BEGIN INPUT

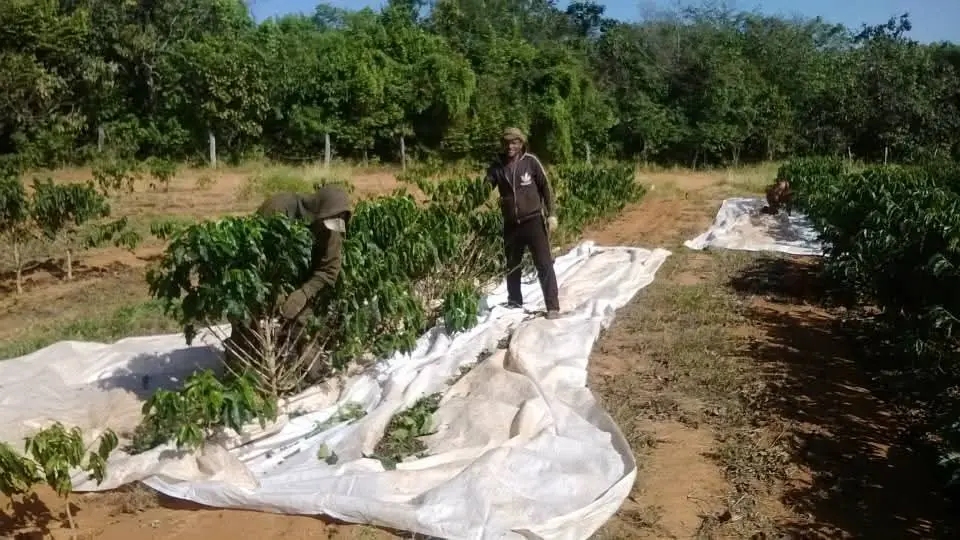 Manejo dos cafezais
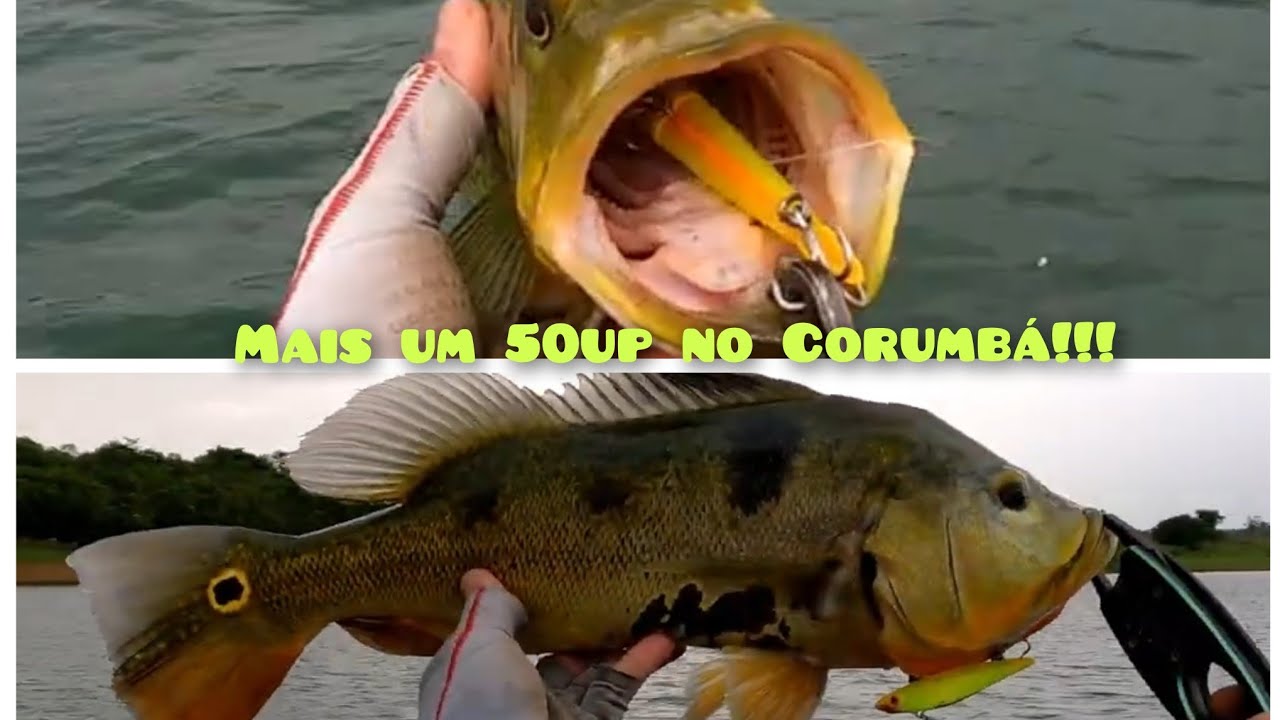 50up do Corumba #pescaria #fishing #corumba 4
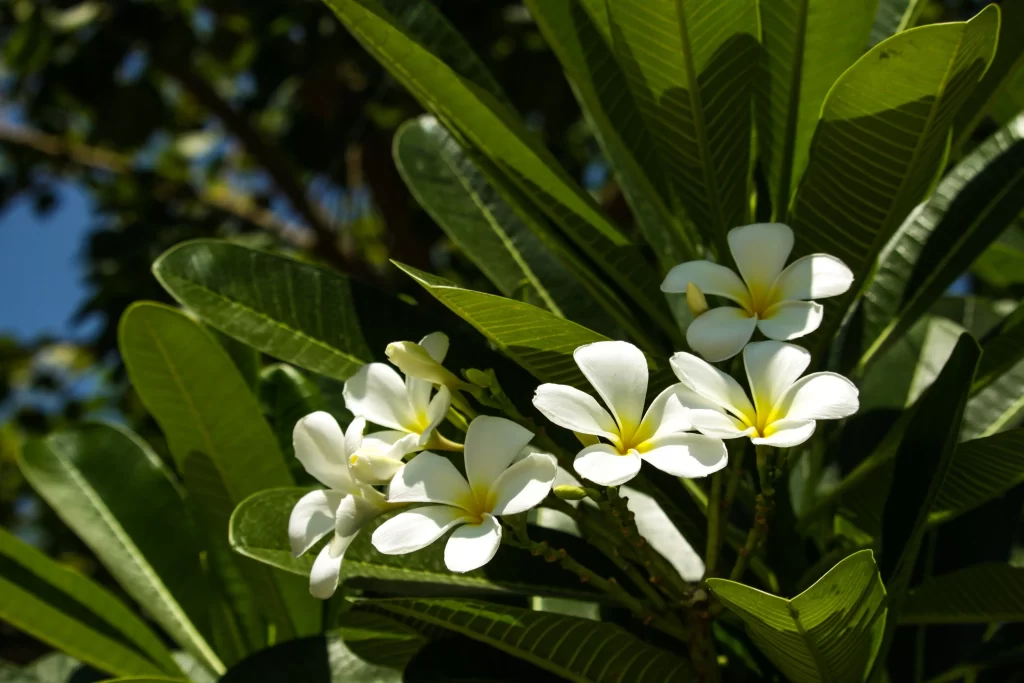 White Plumeria Petals Yellow Center Green warm Leaves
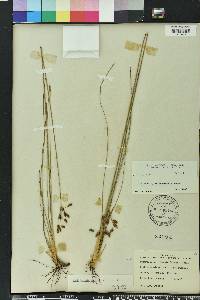 Fimbristylis puberula image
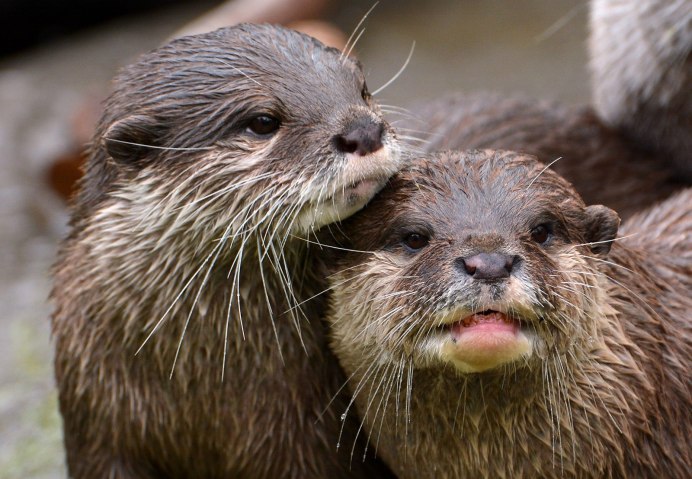 Океанариум выдры выдры СПБ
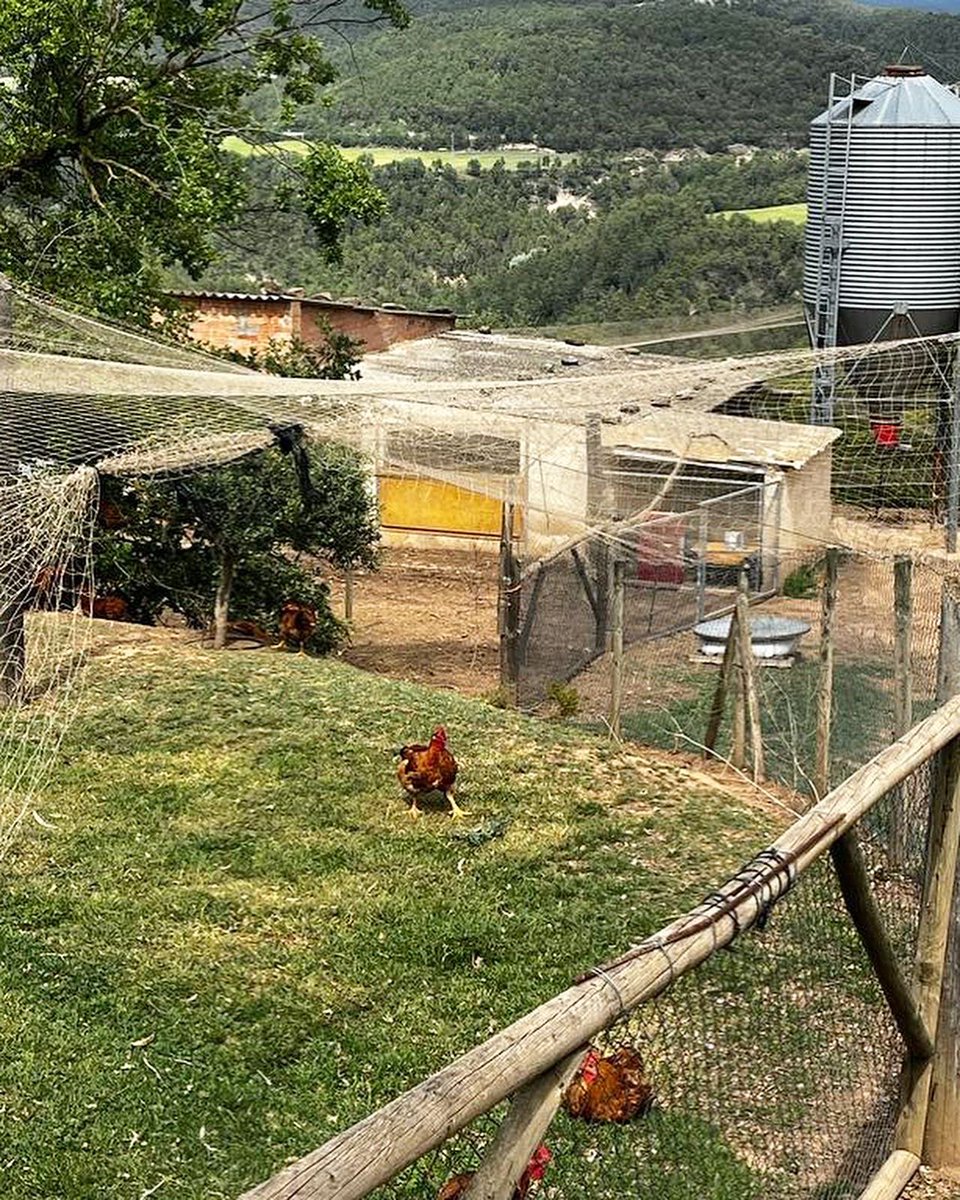 MobilSlaughter's tweet image. End of the week, end of "mechanical" installation in the #slaughterhouse, machines, water and air, it's finished... next week it's electrical installation 🐓🐓😉😉👨🏻‍🌾👩🏼‍🌾 #abattoir #rural #fabretall #fabretallgroup #poultry #chicken #proximity #livestock #primarysector #farmer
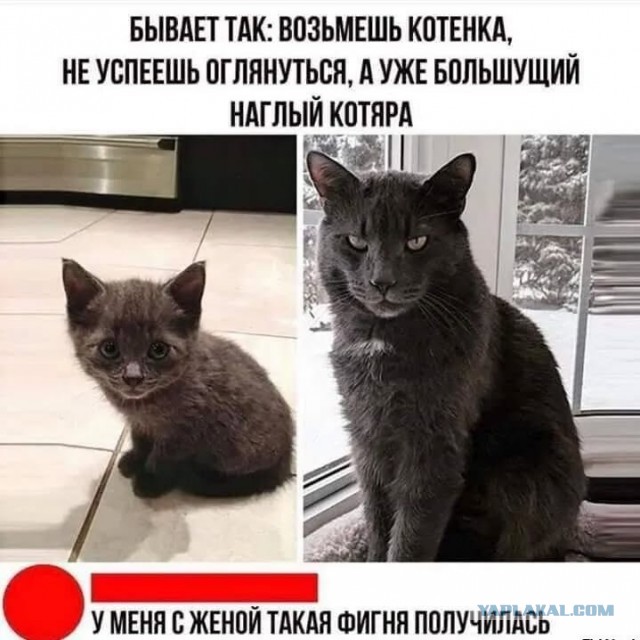 Баяны, очень баяны, но думаю улыбнёт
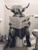 Highland Cow on Toilet-8--3by4 Poster Canvas Funny Annimals Pritnt A0 A1 A2 A3 A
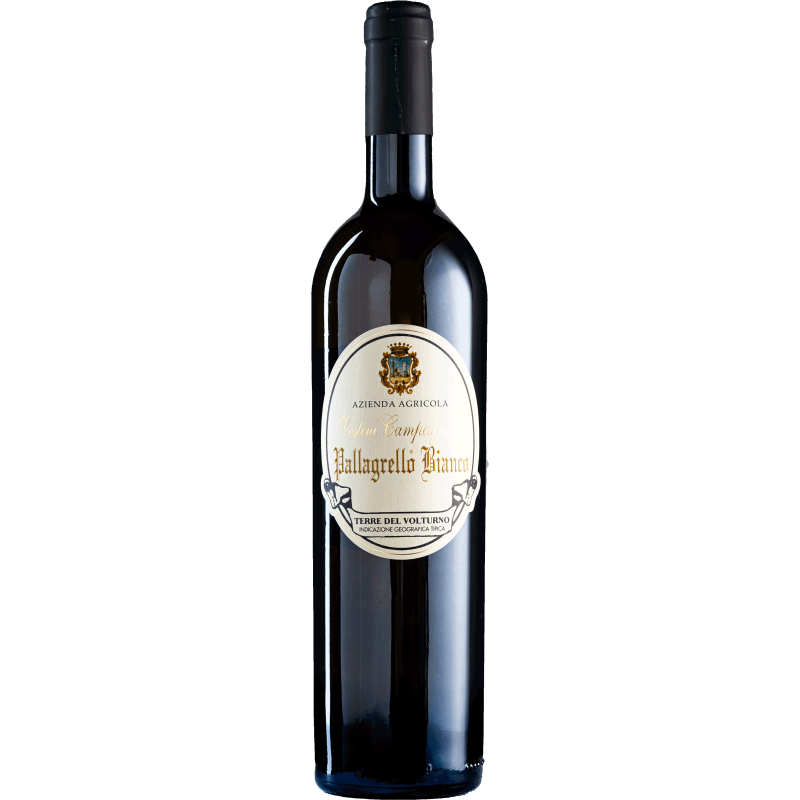 VESTINI CAMPAGNARO PALLAGRELLO BIANCO CL75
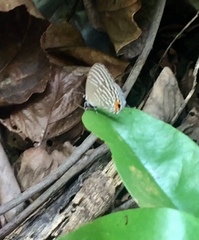 Jamides celeno aelianus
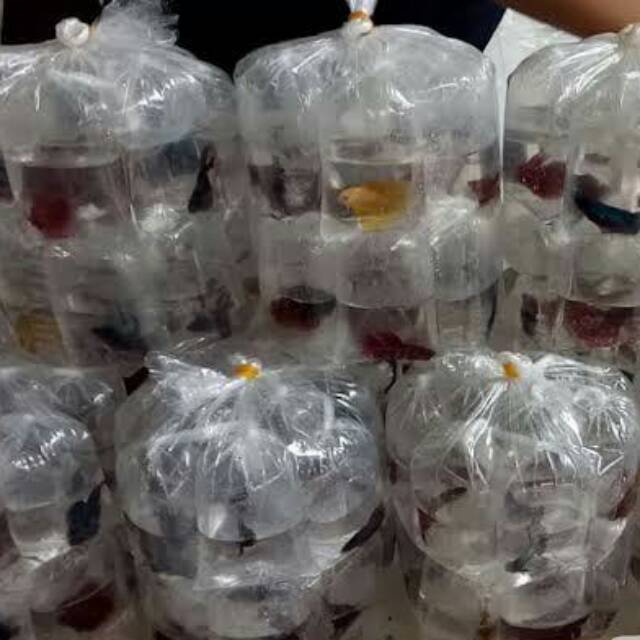 PAKET 20 EKOR IKAN CUPANG HALFMOON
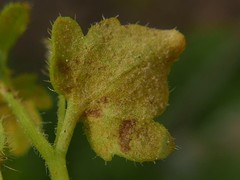 Peronospora arvensis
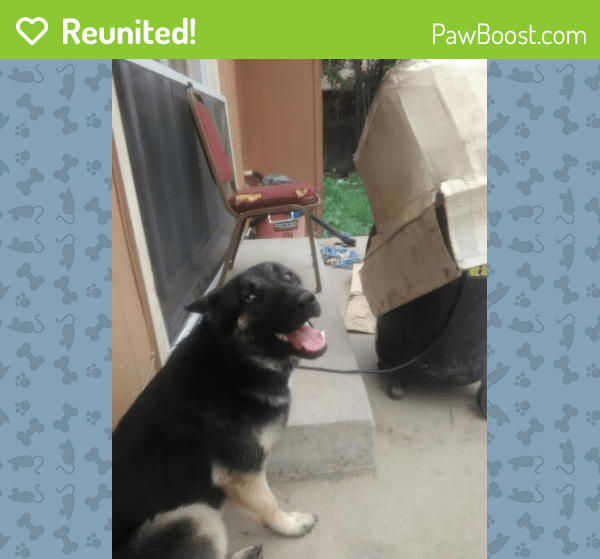 Reunited Female Dog in Visalia, CA 93277 (ID 4678296) PawBoost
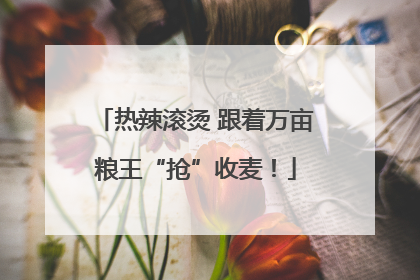 热辣滚烫 跟着万亩粮王“抢”收麦！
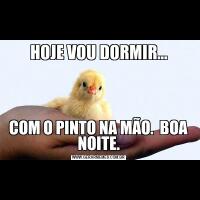 HOJE VOU DORMIR...COM O PINTO NA MÃO.  BOA NOITE.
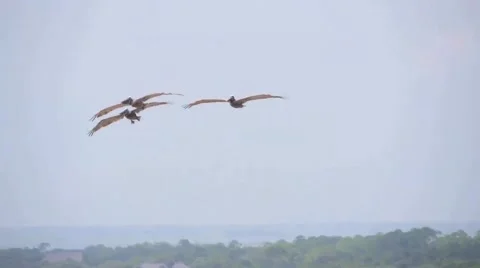 Flying pelicans Stock Footage 41073052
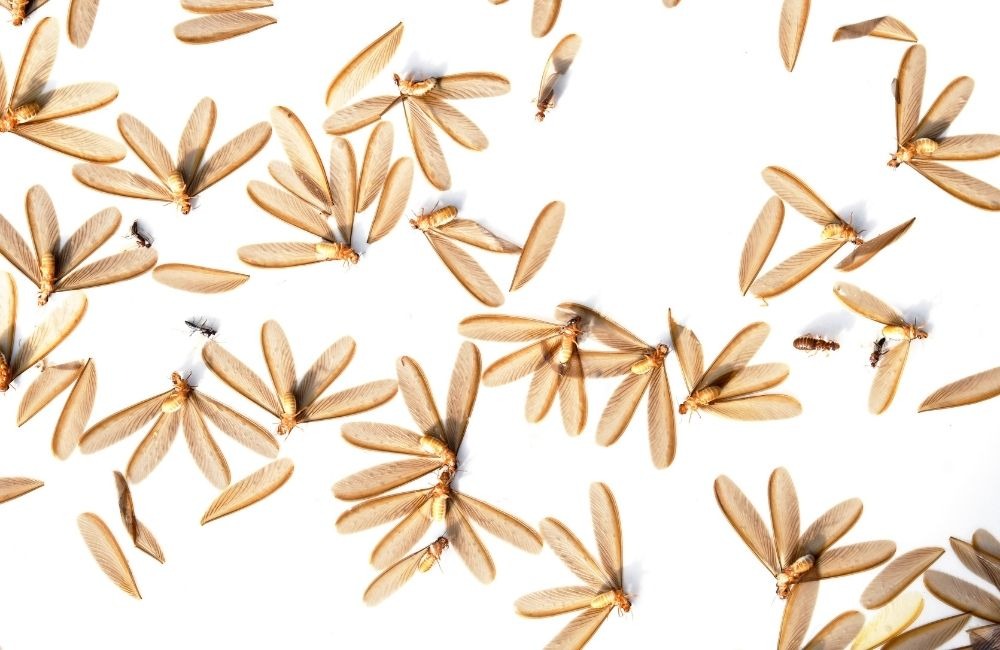 看到大水螞蟻代表什麼？其實就是白蟻分飛期到了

END INPUT

WORK ITEM = Write the lines from the one containing "Океанариум выдры выдры СПБ" through the end of the data above exactly as they appear, and do not carry over any picture.

WRITTEN SOLUTION =
 Океанариум выдры выдры СПБ
 MobilSlaughter's tweet image. End of the week, end of "mechanical" installation in the #slaughterhouse, machines, water and air, it's finished... next week it's electrical installation 🐓🐓😉😉👨🏻‍🌾👩🏼‍🌾 #abattoir #rural #fabretall #fabretallgroup #poultry #chicken #proximity #livestock #primarysector #farmer
 Баяны, очень баяны, но думаю улыбнёт
 Highland Cow on Toilet-8--3by4 Poster Canvas Funny Annimals Pritnt A0 A1 A2 A3 A
 VESTINI CAMPAGNARO PALLAGRELLO BIANCO CL75
 Jamides celeno aelianus
 PAKET 20 EKOR IKAN CUPANG HALFMOON
 Peronospora arvensis
 Reunited Female Dog in Visalia, CA 93277 (ID 4678296) PawBoost
 热辣滚烫 跟着万亩粮王“抢”收麦！
 HOJE VOU DORMIR...COM O PINTO NA MÃO.  BOA NOITE.
 Flying pelicans Stock Footage 41073052
 看到大水螞蟻代表什麼？其實就是白蟻分飛期到了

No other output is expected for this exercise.